Great dancers don't need great choreography, but it helps. Jorma Elo's Double Evil is actually shapeless overall, but it offers tons of fun steps, and James Sofranko, Pascal Molat and Garen Scribner tore up the stage in an excerpt. Exponentially more fun, however, was the brilliance that Molat et al. showed in Balanchine's Stars and Stripes, which is structurally as beautiful as the solar system (wheels within wheels) and closed the evening. These hilarious dances to John Philip Sousa's marches – same guy who wrote the song the SF Gay Freedom Marching Band was playing as they strutted past the Obamas' viewing stand – made me laugh out loud and feel free at last to enjoy this riotous music again.

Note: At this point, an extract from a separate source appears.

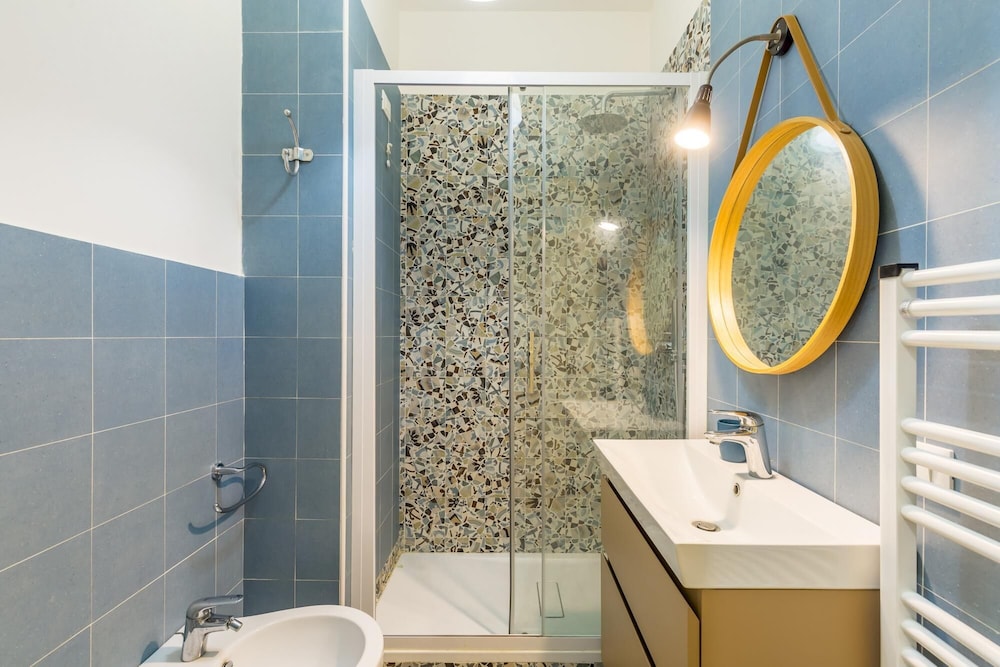 Donna Costanza - Stylish and Panoramic Flat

Under Helgi Tomasson, San Francisco Ballet has gone from being America's best regional company to world-class. The roster is so strong that even with half the first string on the bench, they could still field bravura dancers and put on a dazzling show. Outstanding performers who put it over the top were Frances Chung, Lorena Feijoo, Pauli Magierek, Katita Waldo, Sofiane Sylve, and Ms. LeBlanc's charming, fresh-faced partner who replaced three others who fell to injuries, the brilliant corps dancer Isaac Hernandez. www.sfballet.org.

Suite dreams

Dances that tell a story come in many forms, but those that speak to our community have a special value. And there is no-one more poignant, honest, refreshing, and imaginative telling the stories of LGBT lives and loves than the transgendered choreographer Sean Dorsey, whose new show goes up this weekend at Dance Mission (24th and Mission). It's a must-see for all of us. Choreographically, Dorsey is a miniaturist; his best dance-theater pieces are sketches, small duets that embody the longings and insecurities of first love. He gets the moves uncannily right.

Dorsey's premiering Uncovered, a suite of dances based on the struggles of Lou Sullivan (1951-91), a trailblazing transsexual gay activist who lived here and left his diaries to the GLBT Historical Society. Dorsey has immersed himself in the Sullivan documents; odds are strong that he's brought Lou's story to life.

Don't be surprised to see the rest of the dance world there. As with Joe Goode, Dorsey has a big talent that resonates with audiences who don't think of themselves as gay. He has the full faith of the dance community, having won two Isadora Duncan Awards in his short career. Stageworthy!

Briefly noted: Queers know better than to dismiss the Theater of the Ridiculous, and it must go on record that the recent Fire Ballet at the Crucible in Oakland was stageworthy to the max. Vampire lesbians, three of them; towers of flames, rotating wheels of fire, leather, chains, a working dungeon, a 20-foot plated-steel dragon with a working mouth that breathed fire and wings that flapped, the sexiest Dracula (Brett Womack) I've ever seen, and at peak mayhem a red-hot sword being hammered for real on a huge anvil near a red-hot crucible that poured glowing metal in a 10-foot stream while 25 zombies vamped a number from Rocky Horror. But all that would not have amounted to much without the near-genius choreography of Viktor Kabaniev, who staged 20 "putting on the bite" duets, and as many "o my God, I'm turning into a vampire" solos with mounting convulsive energy (the last one in mid-air) and without repeating himself, so each one cranked it up another notch. Phineas T. Barnum was not a greater showman than this.

Lastly, the brief glimpse of  the New York-based Lar Lubovitch Dance Company we got Jan. 15 at the (sold-out) SF Jewish Community Center should make us long for more. Not only can his dancers move like gods, but  the out-gay choreographer's meditation on M/M attraction and repulsion, envy, hero-worship, betrayal, lust, longing, fury, and regret – all this embodied in his Men's Stories – is one that needs to be seen again and again, before it yields up all its secrets.